BEGIN STORED DATA

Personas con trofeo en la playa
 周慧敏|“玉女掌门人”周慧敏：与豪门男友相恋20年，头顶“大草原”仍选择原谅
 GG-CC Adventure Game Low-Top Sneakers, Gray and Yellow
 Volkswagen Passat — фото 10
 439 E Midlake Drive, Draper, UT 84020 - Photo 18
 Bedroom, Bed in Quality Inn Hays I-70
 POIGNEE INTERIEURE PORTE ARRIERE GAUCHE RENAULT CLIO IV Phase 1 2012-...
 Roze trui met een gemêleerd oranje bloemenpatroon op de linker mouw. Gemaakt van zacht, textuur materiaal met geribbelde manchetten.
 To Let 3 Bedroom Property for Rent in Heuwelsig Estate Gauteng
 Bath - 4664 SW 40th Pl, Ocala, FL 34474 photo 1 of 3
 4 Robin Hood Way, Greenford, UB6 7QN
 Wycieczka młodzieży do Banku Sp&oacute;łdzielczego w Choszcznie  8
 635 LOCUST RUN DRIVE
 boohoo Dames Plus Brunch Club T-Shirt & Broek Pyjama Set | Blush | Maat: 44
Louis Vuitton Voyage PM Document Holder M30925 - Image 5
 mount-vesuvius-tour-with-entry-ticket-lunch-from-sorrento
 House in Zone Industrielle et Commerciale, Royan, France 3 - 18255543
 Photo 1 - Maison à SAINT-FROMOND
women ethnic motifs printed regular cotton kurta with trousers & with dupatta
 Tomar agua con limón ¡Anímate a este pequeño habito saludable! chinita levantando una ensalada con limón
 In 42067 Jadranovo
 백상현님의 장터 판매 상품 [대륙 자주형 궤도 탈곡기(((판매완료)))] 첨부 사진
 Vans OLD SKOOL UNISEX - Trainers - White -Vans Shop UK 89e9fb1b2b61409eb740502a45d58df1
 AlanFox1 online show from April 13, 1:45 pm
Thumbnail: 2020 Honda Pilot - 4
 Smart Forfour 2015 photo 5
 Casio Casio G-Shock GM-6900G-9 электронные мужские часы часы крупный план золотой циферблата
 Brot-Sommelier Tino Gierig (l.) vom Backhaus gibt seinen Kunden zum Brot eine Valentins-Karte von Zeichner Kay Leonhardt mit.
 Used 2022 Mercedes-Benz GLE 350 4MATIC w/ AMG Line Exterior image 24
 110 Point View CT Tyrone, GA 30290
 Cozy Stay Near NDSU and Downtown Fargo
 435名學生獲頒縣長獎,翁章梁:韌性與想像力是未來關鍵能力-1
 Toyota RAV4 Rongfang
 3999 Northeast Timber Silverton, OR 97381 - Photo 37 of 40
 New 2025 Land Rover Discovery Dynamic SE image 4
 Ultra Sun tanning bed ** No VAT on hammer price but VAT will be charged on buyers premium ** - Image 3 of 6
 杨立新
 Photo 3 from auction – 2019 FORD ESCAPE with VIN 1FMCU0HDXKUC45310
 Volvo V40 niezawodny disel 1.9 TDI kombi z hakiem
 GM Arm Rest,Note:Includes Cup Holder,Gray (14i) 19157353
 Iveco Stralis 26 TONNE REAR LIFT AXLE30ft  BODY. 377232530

END STORED DATA

Copy all lines of the preceding data that hold the word "Gray".

WRITTEN RESPONSE
 GG-CC Adventure Game Low-Top Sneakers, Gray and Yellow
 GM Arm Rest,Note:Includes Cup Holder,Gray (14i) 19157353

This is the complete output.